Den Haag, 13 december 2011

In het Regeerakkoord is aangegeven dat nationale koppen op Europese regelgeving worden opgespoord en verwijderd.

Tijdens het AO van 24 mei jl. (Kamerstuk 29 296, nr. 23) heb ik u toegezegd bij de verzending van het wetsvoorstel ten aanzien van tunnelveiligheid, uw Kamer te informeren over de eisen die het kabinet in aanvulling op de Europese richtlijn inzake minimumveiligheidseisen voor tunnels in het trans-Europese wegennet (richtlijn 2004/54/EG van het Europees parlement en de Raad van 29 april 2004, hierna: de richtlijn) wenst te stellen aan de veiligheid van tunnels. Hierbij zal per aanvullende eis inzicht worden verschaft in de extra kosten die daaruit voortvloeien. Met deze brief voldoe ik aan deze toezegging.
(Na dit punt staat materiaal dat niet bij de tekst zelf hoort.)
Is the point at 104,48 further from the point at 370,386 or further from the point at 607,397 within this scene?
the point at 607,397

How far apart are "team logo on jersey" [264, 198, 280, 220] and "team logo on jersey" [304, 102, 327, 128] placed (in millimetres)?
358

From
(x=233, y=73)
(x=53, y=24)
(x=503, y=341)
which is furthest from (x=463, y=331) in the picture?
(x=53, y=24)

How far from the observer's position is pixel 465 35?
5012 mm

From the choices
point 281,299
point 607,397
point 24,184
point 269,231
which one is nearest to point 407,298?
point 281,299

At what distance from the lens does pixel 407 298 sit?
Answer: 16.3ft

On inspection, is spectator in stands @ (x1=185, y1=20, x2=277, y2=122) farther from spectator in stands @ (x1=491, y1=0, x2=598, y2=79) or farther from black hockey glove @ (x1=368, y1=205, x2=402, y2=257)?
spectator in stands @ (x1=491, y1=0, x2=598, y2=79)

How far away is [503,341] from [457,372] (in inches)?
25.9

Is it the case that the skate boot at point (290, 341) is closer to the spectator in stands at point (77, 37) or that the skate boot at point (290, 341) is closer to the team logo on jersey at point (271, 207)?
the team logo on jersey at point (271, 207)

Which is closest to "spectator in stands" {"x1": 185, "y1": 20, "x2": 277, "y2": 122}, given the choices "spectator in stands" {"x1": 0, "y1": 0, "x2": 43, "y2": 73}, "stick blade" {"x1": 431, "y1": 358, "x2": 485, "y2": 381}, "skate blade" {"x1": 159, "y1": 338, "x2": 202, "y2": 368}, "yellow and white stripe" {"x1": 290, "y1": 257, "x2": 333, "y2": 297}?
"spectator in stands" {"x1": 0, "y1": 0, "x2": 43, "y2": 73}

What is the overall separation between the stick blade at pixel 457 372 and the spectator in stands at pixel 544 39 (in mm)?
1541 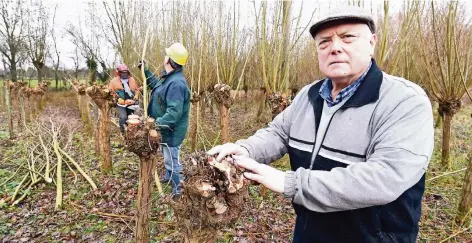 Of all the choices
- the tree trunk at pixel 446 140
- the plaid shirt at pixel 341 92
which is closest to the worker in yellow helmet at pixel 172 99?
the plaid shirt at pixel 341 92

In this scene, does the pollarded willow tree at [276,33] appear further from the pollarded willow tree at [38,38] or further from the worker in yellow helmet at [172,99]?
the pollarded willow tree at [38,38]

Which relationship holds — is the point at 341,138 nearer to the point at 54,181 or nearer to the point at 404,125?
the point at 404,125

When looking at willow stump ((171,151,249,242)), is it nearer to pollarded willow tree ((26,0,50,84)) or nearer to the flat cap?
the flat cap

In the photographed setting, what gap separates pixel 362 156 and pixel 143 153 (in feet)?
7.27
Toelichting op omzetting richtlijn in 2004

Bij de Nota Mobiliteit heeft de toenmalige minister aangegeven dat Nederland als ambitie heeft tot de meest verkeersveilige landen van de Europese Unie te willen blijven behoren. Een 1 op 1 omzetting van de richtlijn in nationale regelgeving zou leiden tot een ongewenste verlaging van het veiligheidsniveau naar het Europese minimum. De Memorie van Toelichting van de huidige Wet aanvullende regels veiligheid wegtunnels (Warwv 2006) spreekt in dit verband van «verworvenheden».

De redenen die indertijd zijn gegeven voor een bredere toepassing, gelden ook nu nog voor het wetsvoorstel. Net als de wetgever toen acht dit kabinet het onwenselijk dat er voor – het beperkte aantal – Nederlandse tunnels verschillende wetgevingsregimes van toepassing zijn.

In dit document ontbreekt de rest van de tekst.